Equations I found relevant:
The Biot Savart Law:
B=($$\mu$$/4$$\pi$$)(I)($$\int$$dl x r / r^2)

F=qv x B

Biot Savart solves for the magnetic field, they I can plug this into the force equation, and once I know the force, I can divide by the mass to get the particles acceleration.
I had some issues with the Biot Savart...

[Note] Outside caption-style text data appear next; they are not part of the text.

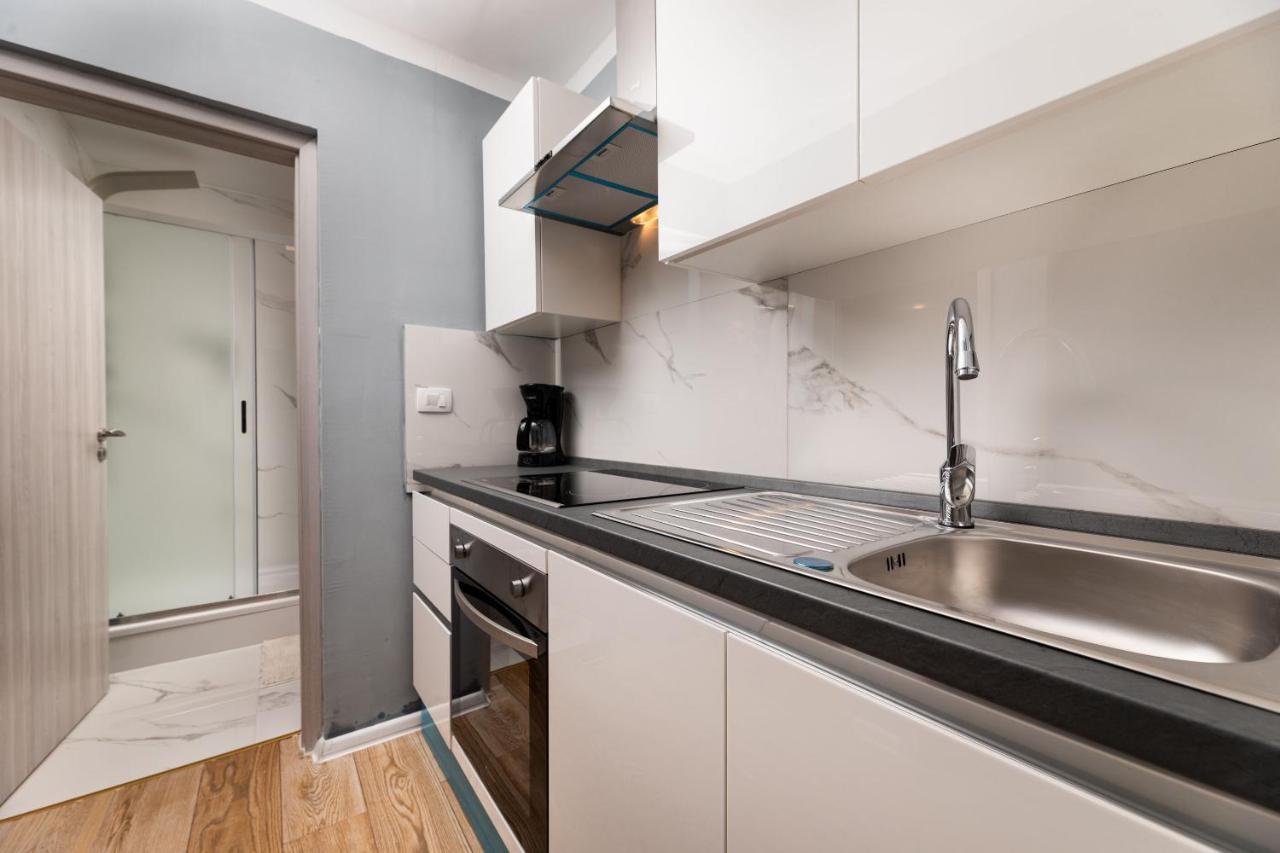 Apartments Vugrin Šilo Eksteriør billede
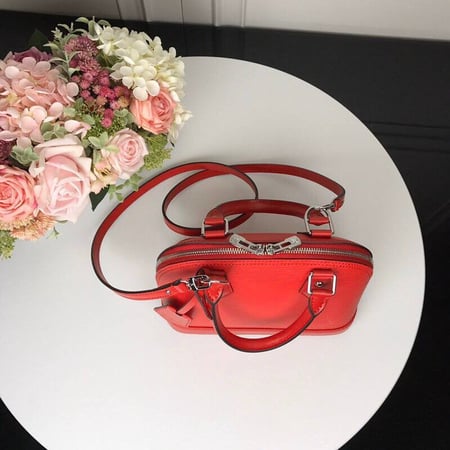 شنطة نسائية ماركة LV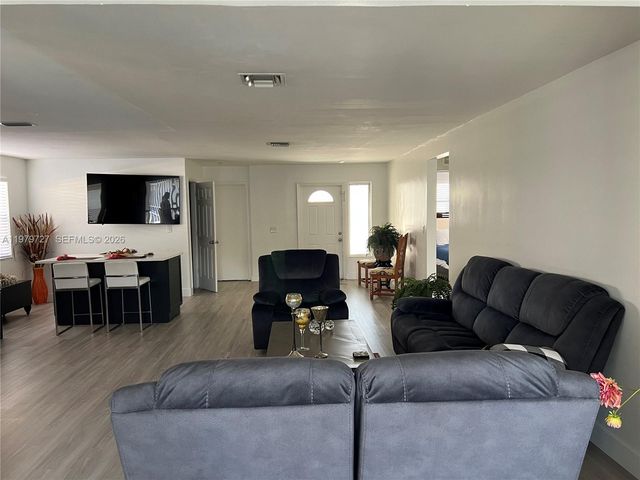 3771 NE 16th Ave, Pompano Beach, FL 33064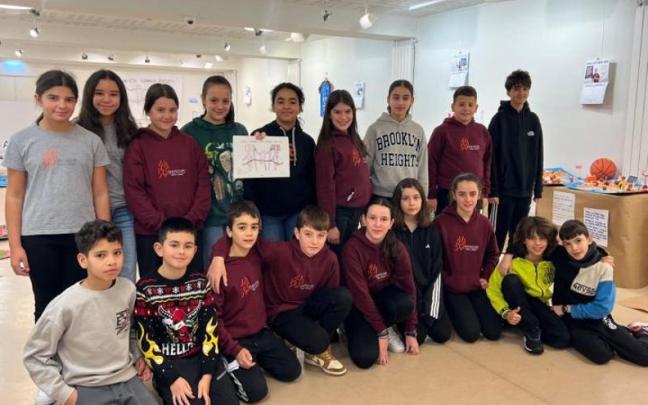 Gainzuriko ikasleak, egutegiarekin.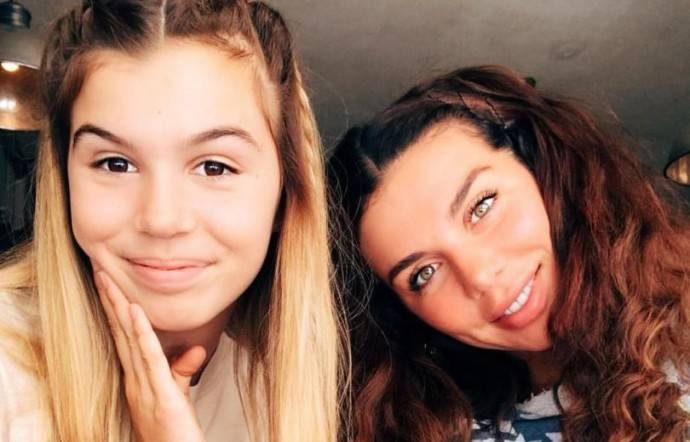 16-летняя дочь Анны Седоковой опубликовала красивые фото в купальнике
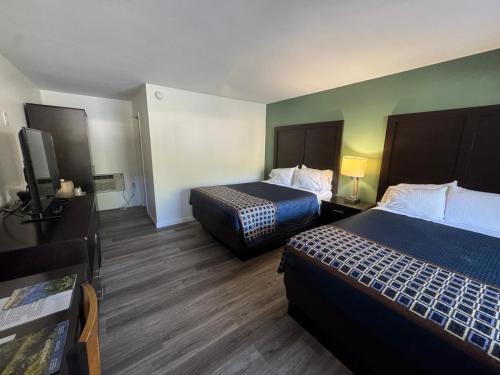 Maggie Valley Hotel | Castlewood Inn
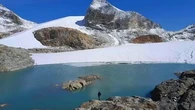 "Est-ce qu'on aura le temps ?" : des habitants des Alpes redoutent la vidange brutale des lacs glaciaires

I used the following numbers
B=($$\mu$$/4$$\pi$$)(5A)(circumference of the circle/r^2)
dl= circumference of the circle which eqauls d$$\pi$$. or .5654
since r is the distance from the circle to the particle, it equal the circle's radius which is .9m.
Therefore B=3.4906e-5
I substitute this into the force equation giving me
F=qv x B
The v vector and B vector are perpendicular, so it is just scalar multiplication.
I get F=1.3980e-17
I can then divide this by the mass to get the acceleration.
Thus a= 1.5347e13
I used q= 1.602e-19 and m= 9.1093e-31

All of this led me to a wrong answer...

2. Oct 12, 2009

### Gear300

You got the method right, but the metric units are a bit off: the radius is .09m.

3. Oct 12, 2009

### cwatki14

that was a typo. my final answer used .09 as the radius, and I still got the problem wrong.

4. Oct 12, 2009

### Gear300

I still haven't checked the calculations yet...but for the moment, maybe what is needed is a negative (electrons have a negative charge, so the acceleration vector is in the opposite direction when compared to positively charged particles, such as protons).